P.S. Il est certain que les Huguetans , fameux libraires de Lion, réfugiés à Amsterdam, vont réimprimer les Dogmata Theologica du Pere Pétau. On avoit eu dessein de faire cette nouvelle édition en Angleterre ; mais quelques docteurs de l’Eglise anglicane s’y opposérent, représentant que ce livre, par accident et par abus, est fort propre à confirmer les ariens et les sociniens dans leurs erreurs, par le grand nombre de passages des anciens Peres, que l’on y trouve, où la doctrine de la Trinité est débitée si mal, qu’elle ne ressemble point du tout aux decisions du concile de Nicée. Les sociniens étoient ignoran[t]s, tout ce qui se peut, dans la connaissance des Peres ; et ils ont trouvé dans les ecrits du Pere Pétau de quoi s’en instruire à peu de frais. Ils en ont étrangement* abusé.

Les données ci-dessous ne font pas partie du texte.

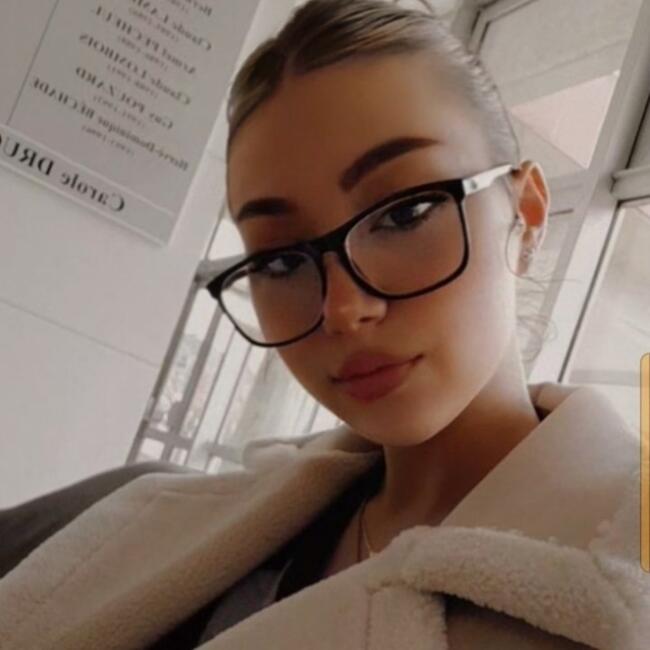 Babysitter in Limoges: Maria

Nous verrons bientôt un ouvrage, qui ne déplairra point aux critiques : ce sont des notes sur Lucien. L’auteur est un jeune homme fort sçavant, et l’un des bons Grecs de ce siecle. II s’appelle Jens : il est de Dordrecht, et régente une classe à La Haie. Il corrigera plusieurs passages de Lucien, qui ont été jusqu’ici imprimez avec des fautes. Mr Leers doit commencer à réimprimer mes Pensées sur les cometes, avec les additions dont vous avez entendu parler, dès qu’il aura achevé les deux volumes in folio de Mr Basnage le ministre, sur l’ Histoire des dogmes de l’Eglise, et de son gouvernement.